The report also cited Katie's surgeon, Air Force Lt. Col. Eric Mair, saying "a preponderance of evidence" showed that he had improperly altered her records after her death so that it appeared she had received significantly less clindamycin. Mair, now stationed at Wilford Hall Medical Center in Texas, declined to comment through a spokesman at the center, who cited "the possibility of future litigation."
The inspector general said anesthesiologist Thomas Pennington, the now-retired Army colonel selected by Walter Reed's top commander to look into the case in late 1998, "improperly failed to ascertain and consider the evidence on all sides of each issue." The report also found that he knowingly made false oral or written statements to other military authorities. Pennington, also now at Wilford Hall, declined through the center's spokesman to comment.
Retired Col. Frederick Erdtmann, who led Walter Reed at the time, was cited for failing to "take appropriate actions" after Hamner's admission of his mistakes. His military attorney, Lt. Col. Victor Hansen, defended Erdtmann's "very aggressive" measures in initiating a probe and said the substantiated allegation dealt narrowly with the lag time before Hamner was relieved of medical duties. Hansen said he had yet to see the full report.
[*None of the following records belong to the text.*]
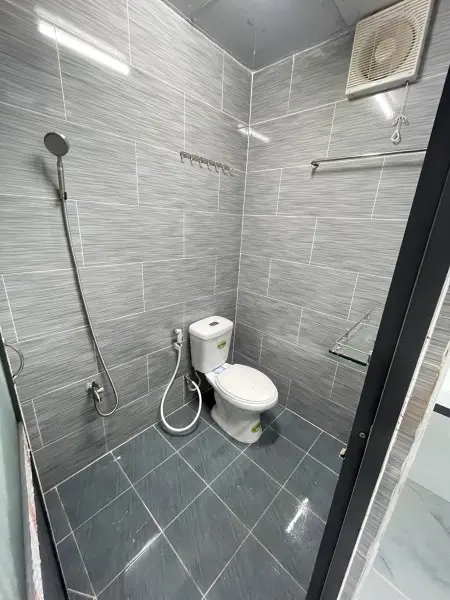 Phòng Trọ Mới Xây. Có Gác. Quận 2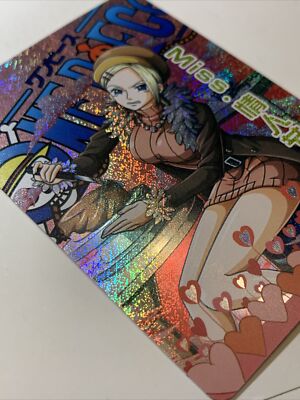 Miss Valentine Mikita One Piece Sexy ACG Goddess Waifu Card Girl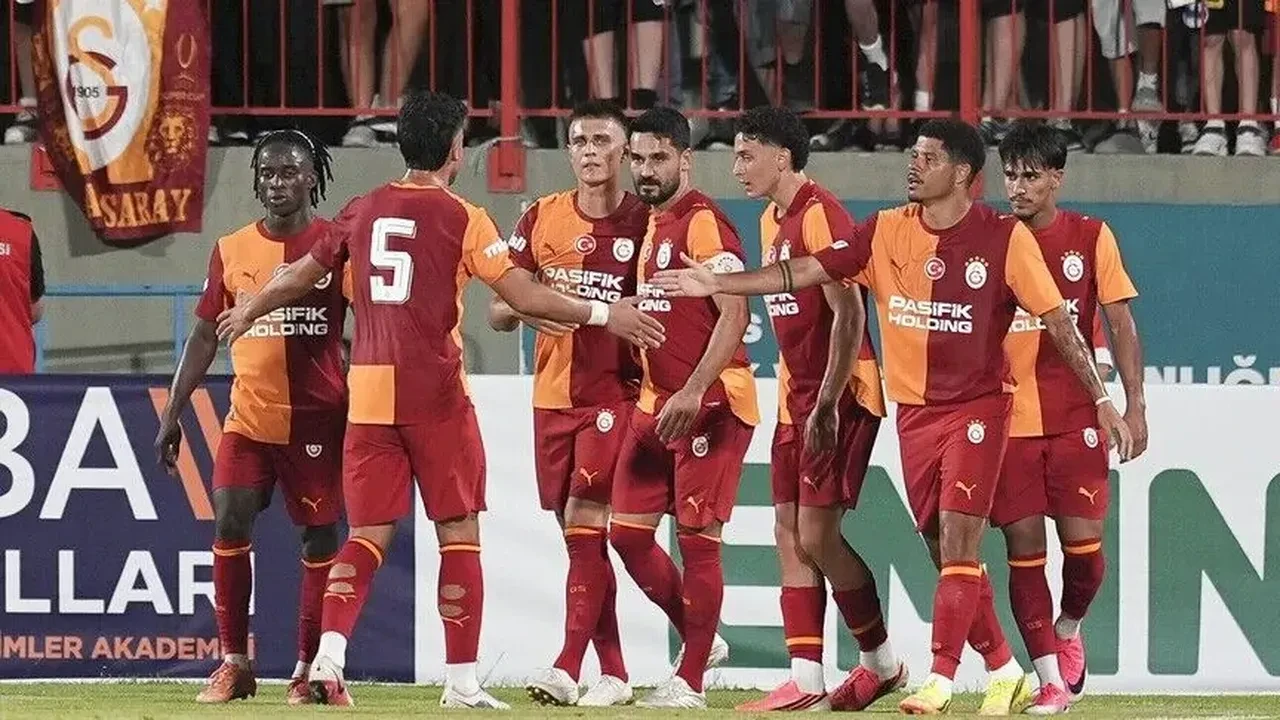 Galatasaray Villarreal hangi kanalda? CANLI Galatasaray hazırlık maçı kanal bilgisi açıklandı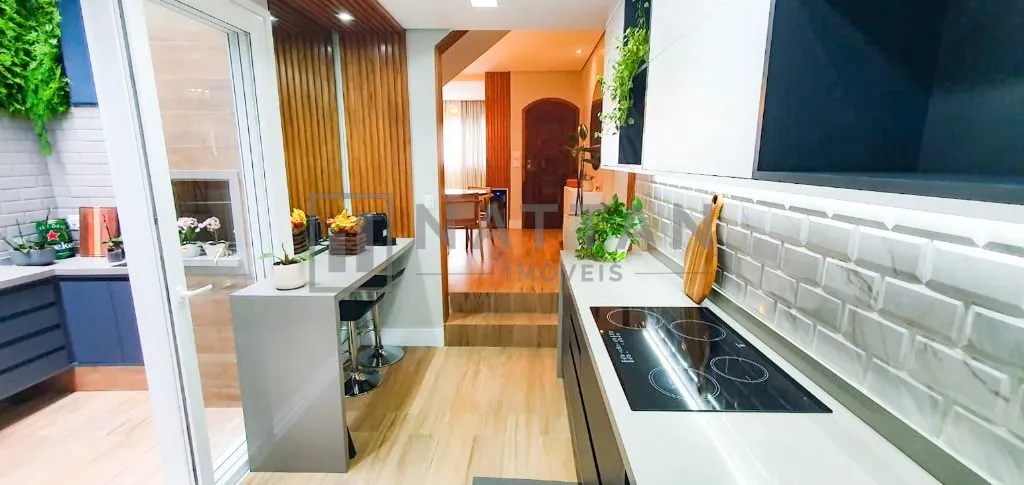 Imagem Casa com 3 dormitórios à venda, 173 m² por R$ 1.490.000,00 - Mooca - São Paulo/SP
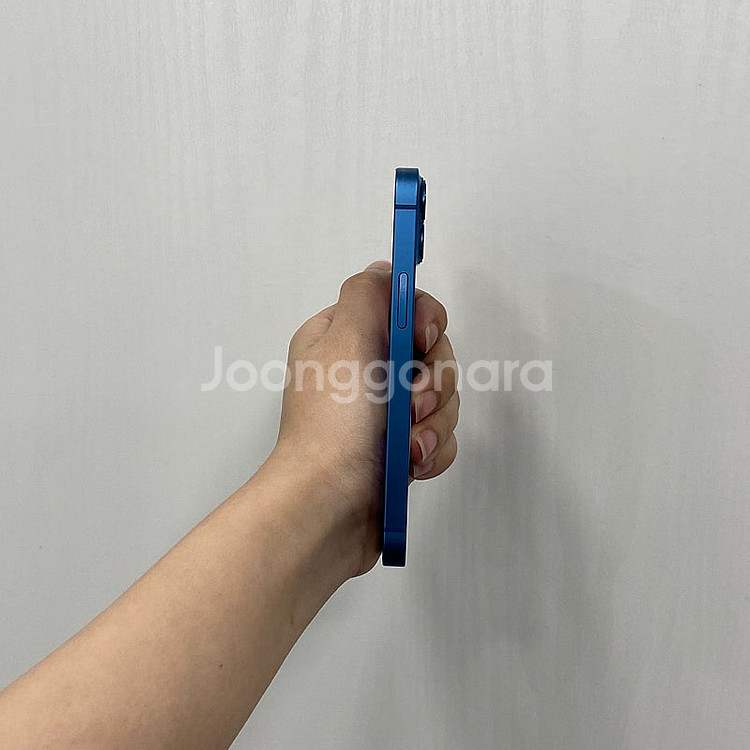06087 아이폰13미니 블루 256GB 부산 중고폰 ...--5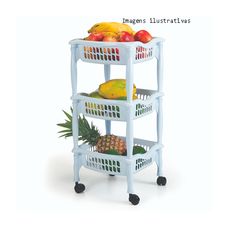 Fruteira Modular - Monte Líbano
William Tyra has pushed for a full accounting of his daughter's death and has pressed the American Board of Anesthesiology to review Hamner's board certification in anesthesia, citing, among other details, the physician's military conviction.
Tyra received a reply last week. "After reviewing the evidence and considering these facts in this tragic situation," the organization's letter read, "the ABA Board of Directors determined not to initiate proceedings to revoke Dr. Hamner's certification." The president of the board did not return calls yesterday.